Task goal: Nothing but the lines below between the line holding "Cute Red Panda" and the line holding "(Limnophila sessiliflora).", inclusive, should appear in the answer, each set down exactly.

Material for this exercise:
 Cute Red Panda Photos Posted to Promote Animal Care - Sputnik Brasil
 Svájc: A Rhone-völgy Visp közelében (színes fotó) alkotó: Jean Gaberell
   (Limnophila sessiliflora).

---

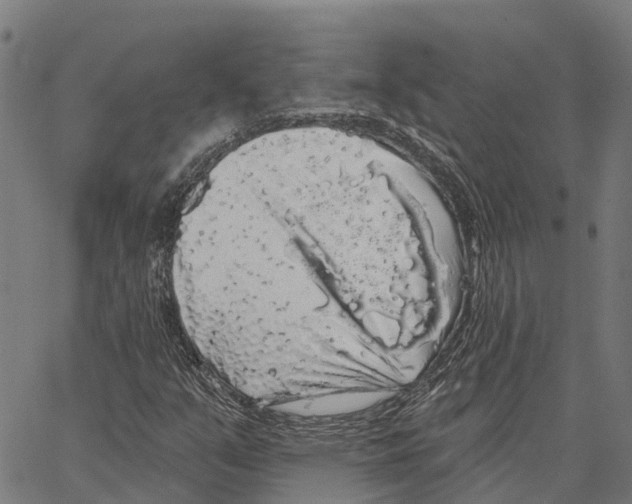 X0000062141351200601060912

Answer to the exercise:
 Cute Red Panda Photos Posted to Promote Animal Care - Sputnik Brasil
 Svájc: A Rhone-völgy Visp közelében (színes fotó) alkotó: Jean Gaberell
   (Limnophila sessiliflora).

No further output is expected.